Task objective:
Below are entries. Copy exactly the lines running from the line that holds "Slip femme en" to the line that holds "Young girl Austyn", with both ends included.

Entries taken from a collection:
......

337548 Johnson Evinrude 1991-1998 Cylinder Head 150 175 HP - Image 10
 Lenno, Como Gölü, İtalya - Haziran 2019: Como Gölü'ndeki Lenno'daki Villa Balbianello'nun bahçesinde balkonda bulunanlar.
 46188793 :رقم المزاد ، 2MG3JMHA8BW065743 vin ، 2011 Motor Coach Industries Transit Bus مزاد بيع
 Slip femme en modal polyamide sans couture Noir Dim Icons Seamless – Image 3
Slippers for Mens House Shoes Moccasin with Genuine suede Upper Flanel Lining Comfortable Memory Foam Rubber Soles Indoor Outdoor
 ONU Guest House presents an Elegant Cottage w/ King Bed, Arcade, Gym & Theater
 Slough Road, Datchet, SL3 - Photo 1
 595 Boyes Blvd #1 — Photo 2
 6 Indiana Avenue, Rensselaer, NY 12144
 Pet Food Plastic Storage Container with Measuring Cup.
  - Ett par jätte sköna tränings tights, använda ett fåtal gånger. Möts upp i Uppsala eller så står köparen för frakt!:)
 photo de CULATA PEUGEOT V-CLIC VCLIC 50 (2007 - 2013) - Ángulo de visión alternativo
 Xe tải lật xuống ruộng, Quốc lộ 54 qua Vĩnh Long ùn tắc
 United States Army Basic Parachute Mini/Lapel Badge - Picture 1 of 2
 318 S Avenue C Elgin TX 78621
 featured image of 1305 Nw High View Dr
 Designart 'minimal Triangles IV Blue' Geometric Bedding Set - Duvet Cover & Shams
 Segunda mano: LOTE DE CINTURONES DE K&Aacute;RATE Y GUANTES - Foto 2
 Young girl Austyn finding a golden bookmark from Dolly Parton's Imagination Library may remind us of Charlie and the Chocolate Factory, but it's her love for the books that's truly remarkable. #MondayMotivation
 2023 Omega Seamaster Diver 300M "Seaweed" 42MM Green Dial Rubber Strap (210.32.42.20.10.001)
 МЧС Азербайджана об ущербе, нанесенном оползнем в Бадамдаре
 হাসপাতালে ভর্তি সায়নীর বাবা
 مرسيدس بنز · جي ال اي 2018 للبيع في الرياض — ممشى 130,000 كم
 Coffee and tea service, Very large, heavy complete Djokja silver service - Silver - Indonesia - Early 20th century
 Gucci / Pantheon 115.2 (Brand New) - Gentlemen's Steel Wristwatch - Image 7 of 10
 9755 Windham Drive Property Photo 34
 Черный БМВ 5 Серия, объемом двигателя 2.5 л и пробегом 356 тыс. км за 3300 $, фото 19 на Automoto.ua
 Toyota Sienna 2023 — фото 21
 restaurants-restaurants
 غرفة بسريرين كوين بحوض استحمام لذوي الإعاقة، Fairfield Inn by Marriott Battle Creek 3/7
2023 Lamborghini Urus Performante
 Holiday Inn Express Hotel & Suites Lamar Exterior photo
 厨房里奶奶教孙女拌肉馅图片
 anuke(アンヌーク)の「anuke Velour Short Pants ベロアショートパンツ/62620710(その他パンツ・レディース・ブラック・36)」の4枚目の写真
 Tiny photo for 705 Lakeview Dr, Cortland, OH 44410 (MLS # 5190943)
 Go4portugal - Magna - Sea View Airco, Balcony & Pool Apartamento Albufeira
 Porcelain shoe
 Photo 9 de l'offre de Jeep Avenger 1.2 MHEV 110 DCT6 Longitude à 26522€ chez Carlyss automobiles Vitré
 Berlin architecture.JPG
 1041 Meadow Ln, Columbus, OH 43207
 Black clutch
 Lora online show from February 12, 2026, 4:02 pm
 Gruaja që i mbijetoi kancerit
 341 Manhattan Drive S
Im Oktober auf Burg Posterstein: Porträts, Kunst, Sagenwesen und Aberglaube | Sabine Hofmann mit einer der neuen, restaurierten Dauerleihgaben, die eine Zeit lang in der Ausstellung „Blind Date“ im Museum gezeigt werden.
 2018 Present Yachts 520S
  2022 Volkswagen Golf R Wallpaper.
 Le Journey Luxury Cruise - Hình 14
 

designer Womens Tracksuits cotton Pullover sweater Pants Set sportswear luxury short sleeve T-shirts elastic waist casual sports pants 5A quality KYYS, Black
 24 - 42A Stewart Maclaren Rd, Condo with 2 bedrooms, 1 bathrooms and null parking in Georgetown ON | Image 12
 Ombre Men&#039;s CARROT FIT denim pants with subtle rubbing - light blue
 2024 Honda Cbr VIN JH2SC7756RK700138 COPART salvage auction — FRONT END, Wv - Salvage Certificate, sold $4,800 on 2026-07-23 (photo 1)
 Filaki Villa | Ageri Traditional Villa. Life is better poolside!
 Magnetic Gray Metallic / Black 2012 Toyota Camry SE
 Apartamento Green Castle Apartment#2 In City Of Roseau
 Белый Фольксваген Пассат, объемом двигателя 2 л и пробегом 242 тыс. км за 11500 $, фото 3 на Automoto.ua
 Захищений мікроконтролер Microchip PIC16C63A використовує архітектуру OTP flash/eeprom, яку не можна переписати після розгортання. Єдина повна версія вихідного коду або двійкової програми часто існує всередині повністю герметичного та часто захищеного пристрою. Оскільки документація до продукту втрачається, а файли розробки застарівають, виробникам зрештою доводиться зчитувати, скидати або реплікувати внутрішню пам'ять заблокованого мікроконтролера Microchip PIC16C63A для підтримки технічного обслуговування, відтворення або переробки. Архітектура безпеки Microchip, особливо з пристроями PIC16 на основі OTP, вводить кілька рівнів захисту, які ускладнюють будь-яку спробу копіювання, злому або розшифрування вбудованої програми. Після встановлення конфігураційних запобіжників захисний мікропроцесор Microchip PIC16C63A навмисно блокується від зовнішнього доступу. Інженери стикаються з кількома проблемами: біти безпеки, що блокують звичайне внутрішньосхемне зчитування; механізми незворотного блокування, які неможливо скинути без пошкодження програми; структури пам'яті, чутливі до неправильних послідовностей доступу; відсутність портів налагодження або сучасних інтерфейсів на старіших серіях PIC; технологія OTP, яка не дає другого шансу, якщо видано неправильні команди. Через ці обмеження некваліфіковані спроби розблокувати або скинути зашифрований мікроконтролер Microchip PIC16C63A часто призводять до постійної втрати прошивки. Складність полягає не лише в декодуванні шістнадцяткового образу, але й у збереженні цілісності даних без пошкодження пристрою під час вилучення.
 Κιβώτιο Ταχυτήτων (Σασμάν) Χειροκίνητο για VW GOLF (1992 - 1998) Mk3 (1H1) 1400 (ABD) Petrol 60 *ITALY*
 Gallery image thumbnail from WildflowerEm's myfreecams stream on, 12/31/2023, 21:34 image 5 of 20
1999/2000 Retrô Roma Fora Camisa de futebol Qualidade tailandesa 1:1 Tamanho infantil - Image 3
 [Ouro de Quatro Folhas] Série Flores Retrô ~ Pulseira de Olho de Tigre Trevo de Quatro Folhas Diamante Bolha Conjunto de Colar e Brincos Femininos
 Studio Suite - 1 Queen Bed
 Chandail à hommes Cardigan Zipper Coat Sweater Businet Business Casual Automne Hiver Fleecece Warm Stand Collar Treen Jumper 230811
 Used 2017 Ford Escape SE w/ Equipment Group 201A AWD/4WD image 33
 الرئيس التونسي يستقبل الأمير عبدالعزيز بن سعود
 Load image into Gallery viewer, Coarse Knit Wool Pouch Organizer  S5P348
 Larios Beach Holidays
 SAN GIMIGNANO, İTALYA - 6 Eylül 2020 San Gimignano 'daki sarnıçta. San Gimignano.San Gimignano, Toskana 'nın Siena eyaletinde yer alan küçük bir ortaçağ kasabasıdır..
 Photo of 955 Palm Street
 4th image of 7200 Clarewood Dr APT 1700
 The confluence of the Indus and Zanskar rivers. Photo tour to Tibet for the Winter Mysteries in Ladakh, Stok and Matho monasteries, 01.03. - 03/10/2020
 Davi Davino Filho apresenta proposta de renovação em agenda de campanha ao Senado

......

Written solution:
 Slip femme en modal polyamide sans couture Noir Dim Icons Seamless – Image 3
Slippers for Mens House Shoes Moccasin with Genuine suede Upper Flanel Lining Comfortable Memory Foam Rubber Soles Indoor Outdoor
 ONU Guest House presents an Elegant Cottage w/ King Bed, Arcade, Gym & Theater
 Slough Road, Datchet, SL3 - Photo 1
 595 Boyes Blvd #1 — Photo 2
 6 Indiana Avenue, Rensselaer, NY 12144
 Pet Food Plastic Storage Container with Measuring Cup.
  - Ett par jätte sköna tränings tights, använda ett fåtal gånger. Möts upp i Uppsala eller så står köparen för frakt!:)
 photo de CULATA PEUGEOT V-CLIC VCLIC 50 (2007 - 2013) - Ángulo de visión alternativo
 Xe tải lật xuống ruộng, Quốc lộ 54 qua Vĩnh Long ùn tắc
 United States Army Basic Parachute Mini/Lapel Badge - Picture 1 of 2
 318 S Avenue C Elgin TX 78621
 featured image of 1305 Nw High View Dr
 Designart 'minimal Triangles IV Blue' Geometric Bedding Set - Duvet Cover & Shams
 Segunda mano: LOTE DE CINTURONES DE K&Aacute;RATE Y GUANTES - Foto 2
 Young girl Austyn finding a golden bookmark from Dolly Parton's Imagination Library may remind us of Charlie and the Chocolate Factory, but it's her love for the books that's truly remarkable. #MondayMotivation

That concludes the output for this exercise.